How to protect your company during shareholder disputes

How to protect your company during shareholder disputes

On Behalf of | Jul 7, 2026 | Business Litigation

As a COO, you keep the business moving while owners fight over control. That tension can pull you into meetings, emails and urgent requests. Still, your job stays the same: protect operations, people and cash flow. With the right steps, you can steady the company and reduce legal risk.

Keep your fiduciary focus on the company’s best interests

When shareholders clash, each side may push you to “take a side.” Instead, anchor decisions in the company’s interests and your duties to the entity. Stick to approved budgets, follow internal controls and avoid special favors. If a request feels personal or political, pause and route it through counsel and the board process. Consistent, business-first choices help you defend your actions later.

Build a clean record that matches California corporate rules

Good documentation protects you when stories change. In California, corporations must maintain key records, such as bylaws, minutes and shareholder lists. LLCs must keep operating agreements and member records. Keep minutes for board and shareholder meetings, track written consents and store notices and agendas. Use one source of truth for versions and approvals. When you treat records like operational assets, you reduce disputes about what happened.

Set communication rules that reduce heat and protect the team

Shareholder disputes can flood your inbox and distract leaders. Set a clear protocol so you control timing, tone and recipients.

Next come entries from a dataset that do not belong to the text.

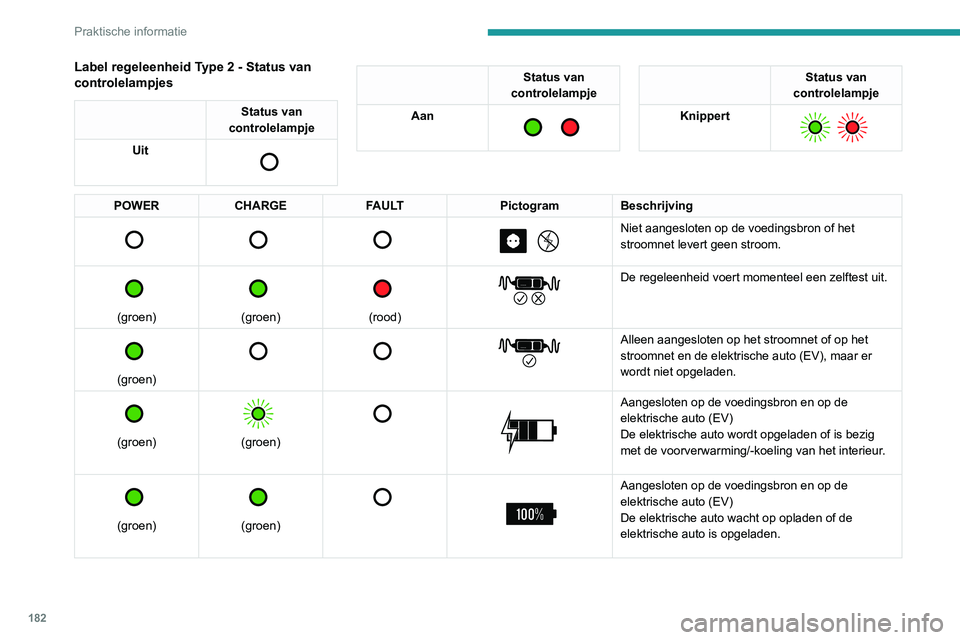 PEUGEOT 3008 2021 Instructieboekje (in Dutch) 182
Praktische informatie
Label regeleenheid Type 2 - Status van
controlelampjes
Status van
controlelampje
Uit
Status van
controlelampje
Aan
Status van
controlelampje
Knippert
POWER PEUGEOT 3008 2021 Instructieboekje (in Dutch) 182
Praktische informatie
Label regeleenheid Type 2 - Status van
controlelampjes
Status van
controlelampje
Uit
Status van
controlelampje
Aan
Status van
controlelampje
Knippert
POWER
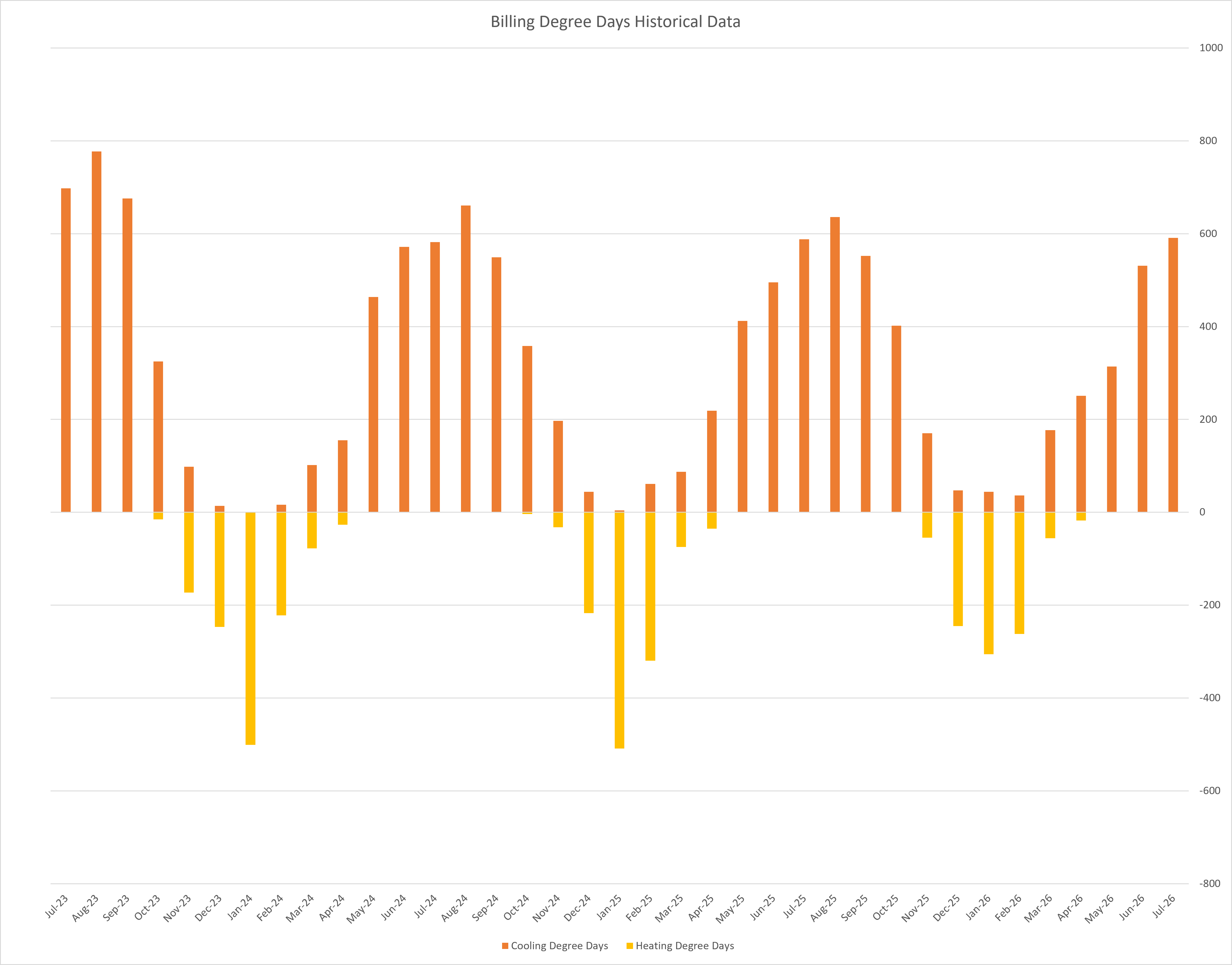 Billing Degree Days Historical Data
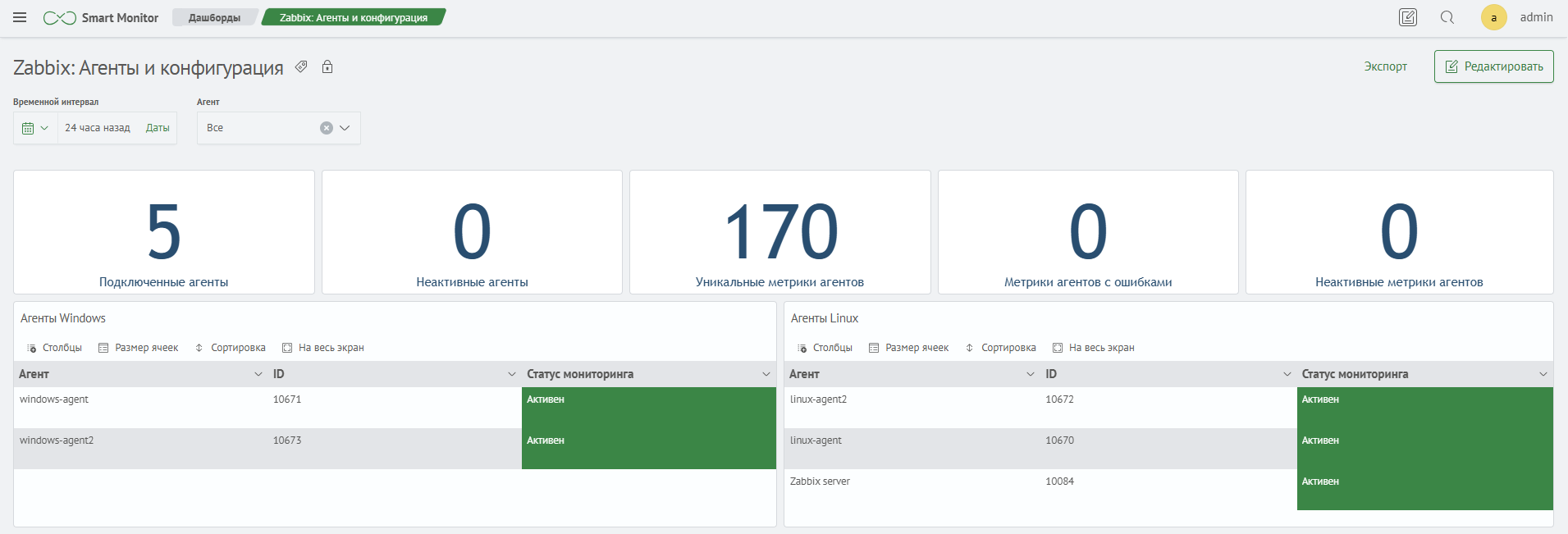 Метрики агентов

  • Route shareholder requests through one executive point person
  • Confirm requests in writing and log deadlines and responses
  • Avoid side texts and hallway promises with either faction
  • Share updates through formal channels, not group chats
  • Keep managers focused on performance goals and customer commitments

These steps lower emotion and create a reliable trail.

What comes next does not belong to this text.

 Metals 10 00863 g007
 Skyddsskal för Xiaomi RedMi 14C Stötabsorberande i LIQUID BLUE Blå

Protect sensitive information without blocking lawful access

You must guard trade secrets, pricing, customer lists and employee data. At the same time, California law can require access to certain corporate books and records. Work with counsel to separate what you must disclose from what you should restrict. Use role-based access, limit downloads and require secure portals for production. If you suspect misuse, document it and act fast.

A steady plan for stability during uncertainty

You protect the company by staying neutral, keeping records tight and controlling information flow. Partner with counsel early, then share your org chart, cap table, key contracts, recent minutes and any disputed communications. Ask for a response plan and a meeting playbook. With that roadmap, you can limit disruption while the legal process runs its course.